*Problem description*. Beginning at the line that contains "T-shirt z nadrukiem Disney" and ending at the last line of the records below, retype each line exactly and add nothing.

*Dataset content*.
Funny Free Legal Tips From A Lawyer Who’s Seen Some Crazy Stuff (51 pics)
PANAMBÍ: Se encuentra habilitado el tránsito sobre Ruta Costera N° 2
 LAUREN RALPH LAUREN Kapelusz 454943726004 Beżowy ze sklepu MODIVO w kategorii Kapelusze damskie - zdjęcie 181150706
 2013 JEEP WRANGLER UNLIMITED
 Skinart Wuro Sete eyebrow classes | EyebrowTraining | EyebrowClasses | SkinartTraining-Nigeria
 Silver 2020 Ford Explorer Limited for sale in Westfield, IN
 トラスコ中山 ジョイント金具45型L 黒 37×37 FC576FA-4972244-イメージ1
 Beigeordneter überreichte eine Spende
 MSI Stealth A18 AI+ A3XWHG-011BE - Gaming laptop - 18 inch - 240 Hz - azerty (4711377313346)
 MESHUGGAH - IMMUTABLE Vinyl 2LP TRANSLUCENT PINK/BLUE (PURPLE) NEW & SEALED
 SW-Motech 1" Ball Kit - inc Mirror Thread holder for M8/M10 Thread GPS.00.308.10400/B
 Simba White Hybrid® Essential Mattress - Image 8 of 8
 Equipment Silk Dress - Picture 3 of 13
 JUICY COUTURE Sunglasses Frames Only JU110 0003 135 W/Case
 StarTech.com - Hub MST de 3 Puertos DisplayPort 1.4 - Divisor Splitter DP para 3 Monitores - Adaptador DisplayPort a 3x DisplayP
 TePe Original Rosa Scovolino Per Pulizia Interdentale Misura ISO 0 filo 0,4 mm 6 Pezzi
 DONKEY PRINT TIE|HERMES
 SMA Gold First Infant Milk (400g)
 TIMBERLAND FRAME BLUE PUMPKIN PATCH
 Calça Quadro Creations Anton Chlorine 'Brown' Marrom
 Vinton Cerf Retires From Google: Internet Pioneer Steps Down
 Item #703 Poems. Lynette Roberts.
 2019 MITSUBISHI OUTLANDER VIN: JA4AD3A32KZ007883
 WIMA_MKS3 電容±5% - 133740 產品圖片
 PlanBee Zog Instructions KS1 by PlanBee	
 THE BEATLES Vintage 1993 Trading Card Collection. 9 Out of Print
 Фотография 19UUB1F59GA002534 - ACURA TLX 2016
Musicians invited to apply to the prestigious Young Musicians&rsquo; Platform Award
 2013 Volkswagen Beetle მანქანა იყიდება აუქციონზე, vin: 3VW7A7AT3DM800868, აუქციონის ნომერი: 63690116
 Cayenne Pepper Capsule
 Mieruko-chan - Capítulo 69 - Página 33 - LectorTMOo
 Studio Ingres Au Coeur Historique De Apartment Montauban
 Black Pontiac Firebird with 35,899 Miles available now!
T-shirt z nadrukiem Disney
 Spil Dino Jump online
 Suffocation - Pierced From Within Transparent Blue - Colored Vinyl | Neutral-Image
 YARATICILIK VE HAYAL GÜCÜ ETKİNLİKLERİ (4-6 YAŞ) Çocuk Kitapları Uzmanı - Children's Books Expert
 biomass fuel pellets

*Completed task*.
T-shirt z nadrukiem Disney
 Spil Dino Jump online
 Suffocation - Pierced From Within Transparent Blue - Colored Vinyl | Neutral-Image
 YARATICILIK VE HAYAL GÜCÜ ETKİNLİKLERİ (4-6 YAŞ) Çocuk Kitapları Uzmanı - Children's Books Expert
 biomass fuel pellets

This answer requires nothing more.